One Tuesday near the end of March, John wrote the most beautiful blog about Sylvia. He referred to the place we had arrived, where we were still holding onto her but knew we were near the end of this time, as “where the string meets the knot.”
I held her hand that night, fed her soup by the teaspoonful, and told her about John’s blog post and his metaphor about the string and the knot.
She smiled deeply and said, “That is exactly where we are, Honey.”
She knew, and I knew, that the days of sitting together were numbered. As much as I was fully adult in my understanding, I felt a deep and childlike urgency, a desire to freeze the moment so I wouldn’t ever have to face the inevitable. I had reassured her that I would be sad but that I would be okay, too, to which she replied, “You’ll be fine. You’re strong, like me.”
On Thursday night, it happened: she could no longer swallow the soup. Even the smallest sips made her cough and choke. I brought the thermos of hot soup back home that night; pouring it down the sink, I knew I had made the last meal. The gravity of the moment made me numb. It was as if the house had collapsed.
On Friday I went without soup, we just sat together.
On Saturday morning my most loyal friend, my dear Sylvia, my mother, passed quietly. That morning the sky broke open and delivered a torrential rain.
Simple routines are the guard rails of our lives.

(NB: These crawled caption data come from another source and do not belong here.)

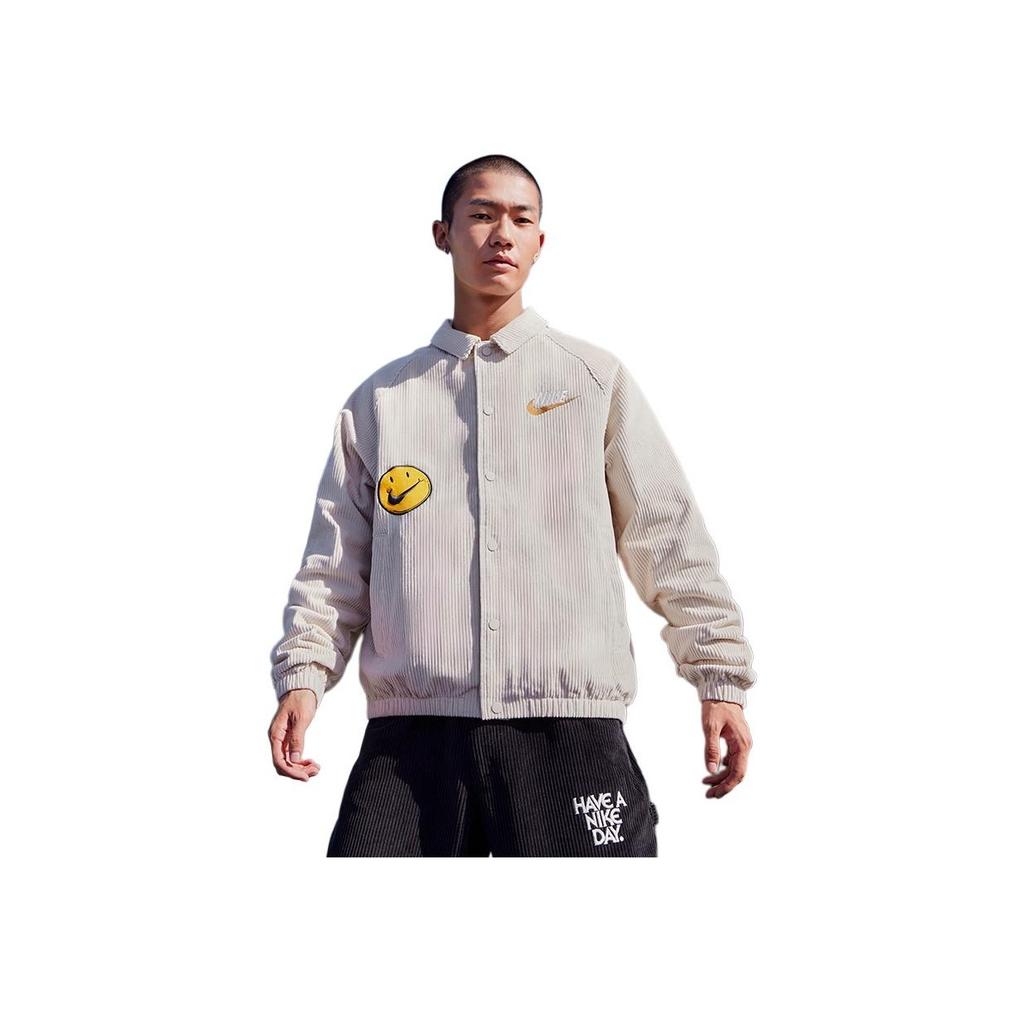 Nike Embroidered Logo Casual Long Sleeve Jacket Men Jackets Light-Redwood-Brown FZ5737-104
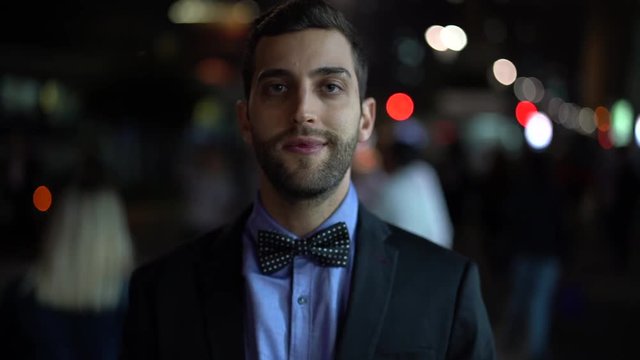 Young Business Man Portrait at Night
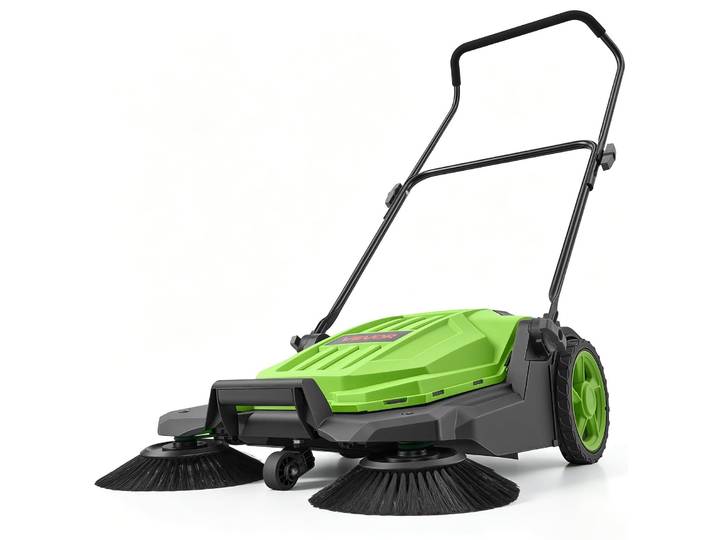 Machine de nettoyage manuelle VEVOR\, balai-aspirateur avec une largeur de travail de 650 mm\, un réservoir de 18\,9 litres et une poignée réglable\, machine de nettoyage pour sols\, idéale pour les cours\, les allées\, les terrasses et les garages – Vert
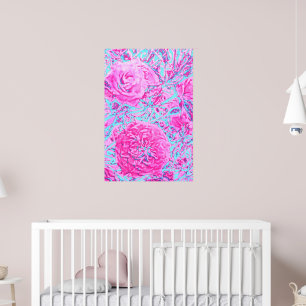 Rose Vintage Busch-Retro Rosa & Blau Poster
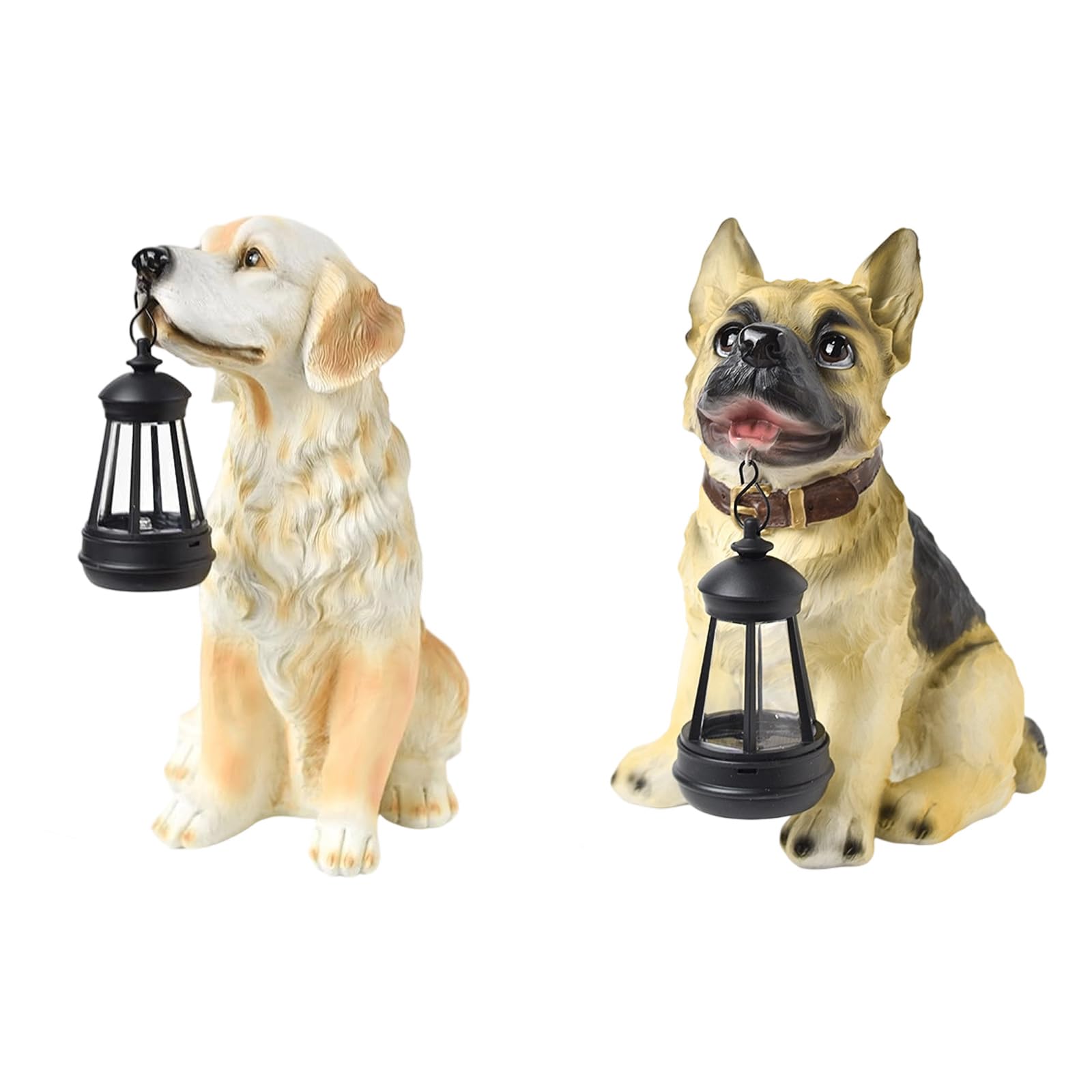 Estatuas de perro para decoración de jardín, estatua dorada de cachorro con luz solar para exteriores, decoración de cachorros de resina para patio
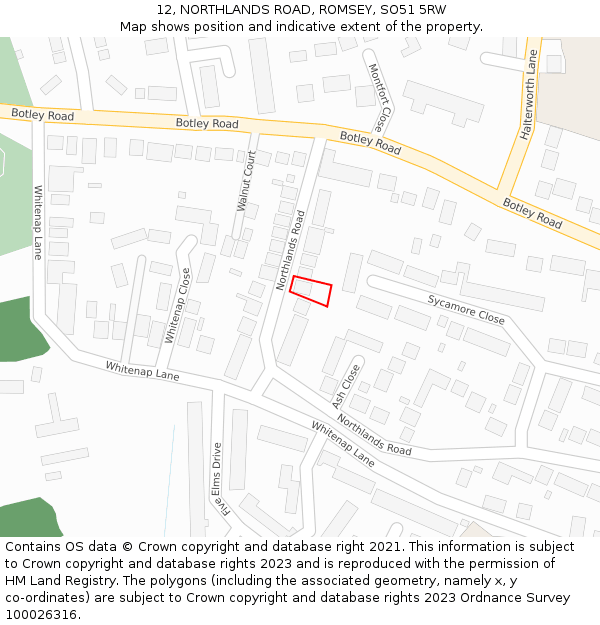 12, NORTHLANDS ROAD, ROMSEY, SO51 5RW: Location map and indicative extent of plot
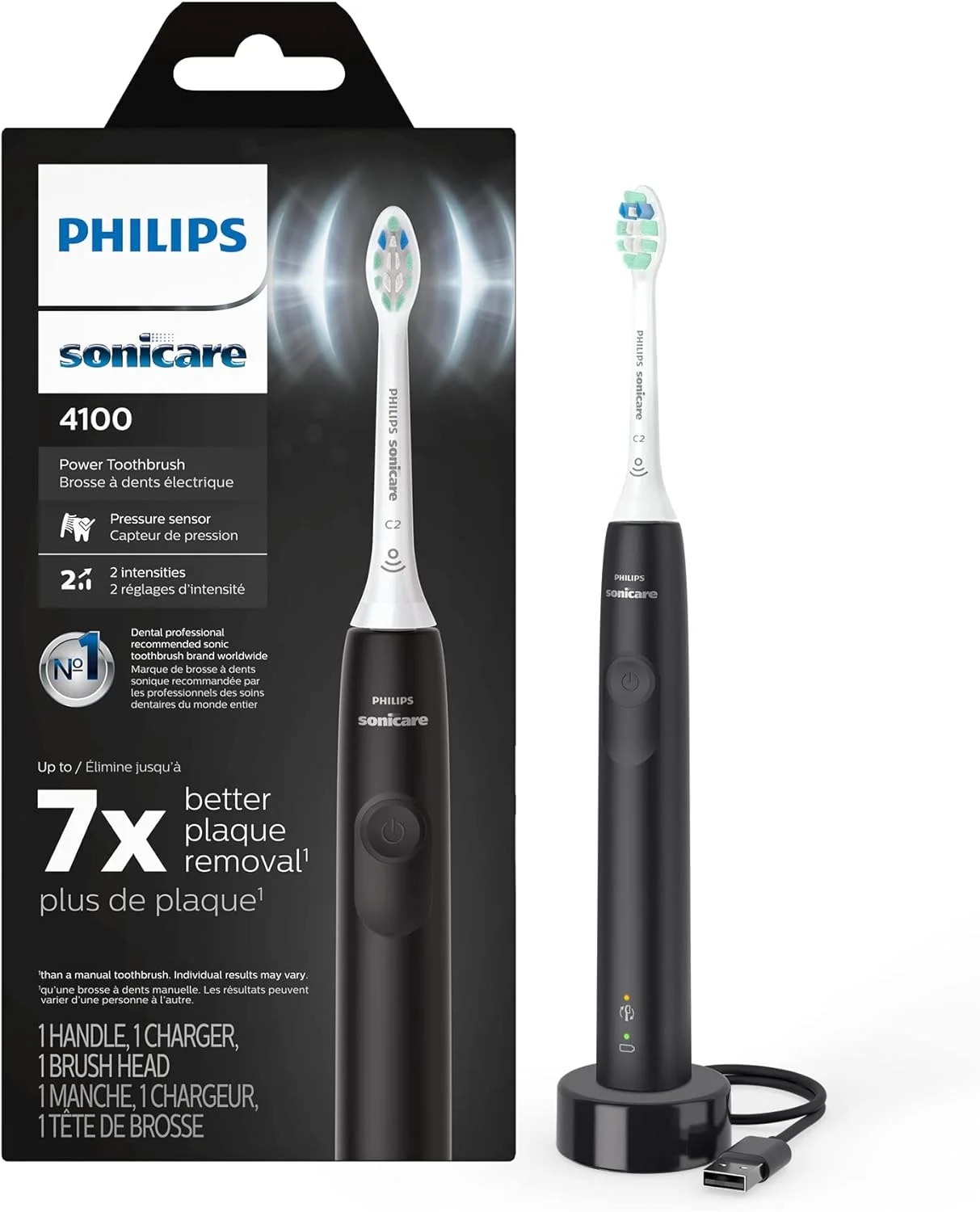 مسواک برقی شارژی فیلیپس Sonicare 4100، با سنسور فشار، 2 تنظیمات شدت، SmarTimer و QuadPacer، عمر باتری 14 روزه، مشکی، مدل HX3681/24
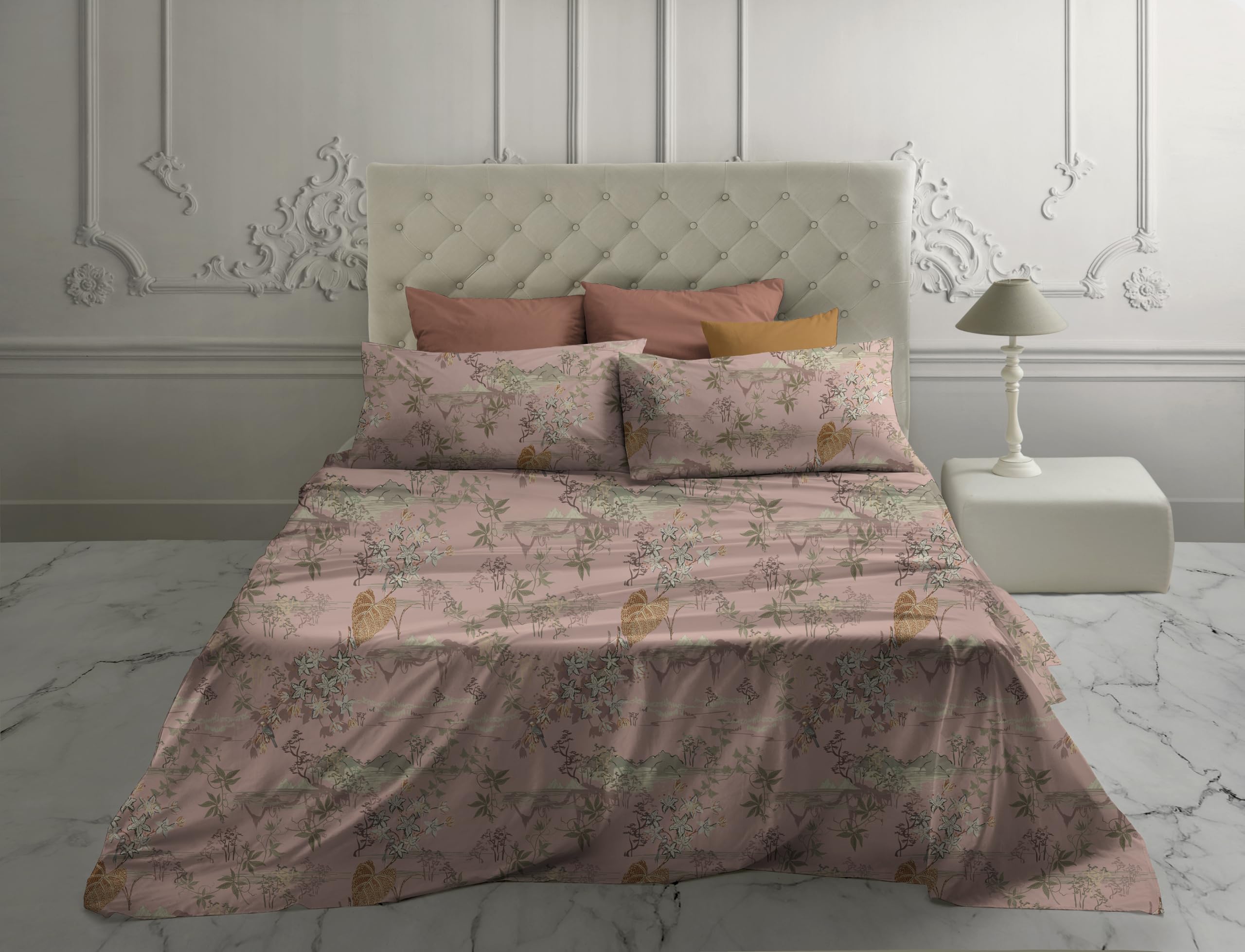 hermet Laura Biagiotti, Set Lenzuola Matrimoniali Cotone, Completo Letto a Fantasia, 100% Cotone, Lenzuolo Sopra + Lenzuolo Con Angoli + Coppia Federe, Teia Rosa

They inform us of the fragile, ever-present boundaries between the safe and secure and the chasms of the unknown. We seldom realize their strength until they’re gone. Making home-cooked meals for my mom made me feel that even though I couldn’t control her illness, I could at least bring her company and comfort.
It allowed me to feel that I could somehow control the situation … until I couldn’t.
For the first few days that I didn’t make soup, I felt lost. It wasn’t the soup, really. It was me. I was adrift upon an open sea. Grief coming in waves I couldn’t control, waves I simply had to ride.
Finding the spoiled milk on our refrigerator shelf this morning was a punctuation mark, a period at the end of one sentence and the start of a new one. Much as you may want to hold onto a moment and make it last forever, you can’t. The only moment you can truly possess is the one before you right now.
The spoiled milk made it clear that I’d already set foot on a new path. A path, perhaps, where making homemade soup will serve as a sweet reminder of the power of simple routines, and of love as deep as an ocean.